Written by Carol Frank Friday, 14 October 2011 00:00
Representatives from the 21st Century Committee who are advocating for passage of a bond issue that would renovate and expand the existing 47,000-square foot Main Library by 8,600-square feet met with this reporter last week in a two-hour meeting to outline the reasons for their support of the proposed project.
Mischa Schwartz, a former library board trustee and president, who co-chairs the committee with his wife Charlotte retraced the long history of the movement to renovate the library which began 20 years after it was first built in the late 1960s. Also present was Renee Zarin, who is a former trustee and president of the library board. Andrew Greene, who served one four-year term on the board and who chose not to run again last year provided more current information about the various rationales for decisions made by the board as it advanced this proposal. Steve Markowitz, who is president of the Great Neck Democratic Club, organized the meeting and attended. The publicity professional for the committee, Mark Katz, attended the meeting as well.
While the exact space allocations for a new and enlarged building are undecided since schematic drawings have not been drawn up, the committee members strongly believe that additional space is needed for the children’s library (almost double), a young adult section, audio-visual department as well as to bring the building into compliance with laws to make structures accessible for disabled persons. A large expanse of windows on the addition facing Udall’s Pond would take better advantage of the views.
Mr. Greene pointed out that the board considers the 8,600-square foot addition, a “modest increase in the size of the building...there are homes in Great Neck that have 8,000-square foot additions.”
He also likened the existing building to “a leaking Titanic” which has been “band-aided” since the late ’80s.
What came across from the entire group was a sense of “now or never.” There was a recounting of the years of effort, visiting other libraries in the Metro area, vetting the last architect on the scene, Dattner, moving the process through obtaining approvals with the Town of North Hempstead...hours of countless volunteer hours by a succession of board members. There is also a strong belief of committee members that, although it may be counter-intuitive in this recession with high unemployment and sluggish investments for those on fixed incomes, this is the time to build. Labor and material costs are expected to be lower; interest rates are lower and residents can expect to get more bang for the buck...at this point in time.
As Mr. Greene put it, “This is the last exit before the toll...if this bond doesn’t happen, we’ll have a crumbling building with money going down the drain..we’ll have closures (at Main) due to problems with air conditioning and heating.”

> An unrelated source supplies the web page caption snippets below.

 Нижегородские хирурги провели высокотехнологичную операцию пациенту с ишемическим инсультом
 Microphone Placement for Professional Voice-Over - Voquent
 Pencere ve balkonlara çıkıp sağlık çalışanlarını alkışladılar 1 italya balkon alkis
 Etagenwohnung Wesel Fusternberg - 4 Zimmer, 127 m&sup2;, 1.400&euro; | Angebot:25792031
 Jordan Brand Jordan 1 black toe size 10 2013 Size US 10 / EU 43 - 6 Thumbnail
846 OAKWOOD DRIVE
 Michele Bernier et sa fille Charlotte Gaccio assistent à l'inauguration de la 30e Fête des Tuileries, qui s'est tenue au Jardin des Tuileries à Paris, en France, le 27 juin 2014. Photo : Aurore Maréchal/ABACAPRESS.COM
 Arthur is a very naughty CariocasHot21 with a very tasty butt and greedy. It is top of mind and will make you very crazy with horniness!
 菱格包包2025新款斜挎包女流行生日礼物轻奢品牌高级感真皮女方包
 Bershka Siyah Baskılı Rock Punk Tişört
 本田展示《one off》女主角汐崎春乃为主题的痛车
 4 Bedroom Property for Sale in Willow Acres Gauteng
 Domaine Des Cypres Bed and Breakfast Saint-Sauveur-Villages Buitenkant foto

The Record also asked Mr. Greene about the decision of the current board on the matter of how to oversee a complicated and large project. Some multi-million dollar projects not only have a construction management firm to coordinate and supervise sub-contractors, but also hire what is called an “owner’s rep” to make sure that the owners, in this case the public, are not “ripped off.” Mr. Greene said that the board considered the extra layer of protection, but were advised by their former attorney and Park East, the board’s construction management firm, that the extra expense of 3 to 4 percent was unnecessary in this size project on Long Island. They were told that the work would be “duplicative” and would not be needed.
(In a separate interview with library direction Jane Marino regarding the issue of oversight, she said that Park East had come highly recommended from the Syosset Library director. That library’s construction project had run into serious problems and Park East had stepped in mid-stream to righten what had gone wrong.)
The Record raised the issue that had come up with library’s Finance Committee that had expressed concerns about bills from various consultants used to prepare for the zoning review by the Town. In some cases, they delayed payments because they thought they were being over-billed. Mr. Greene said that the board felt they could rely on their business manager and their director along with Park East to avoid such problems in the future.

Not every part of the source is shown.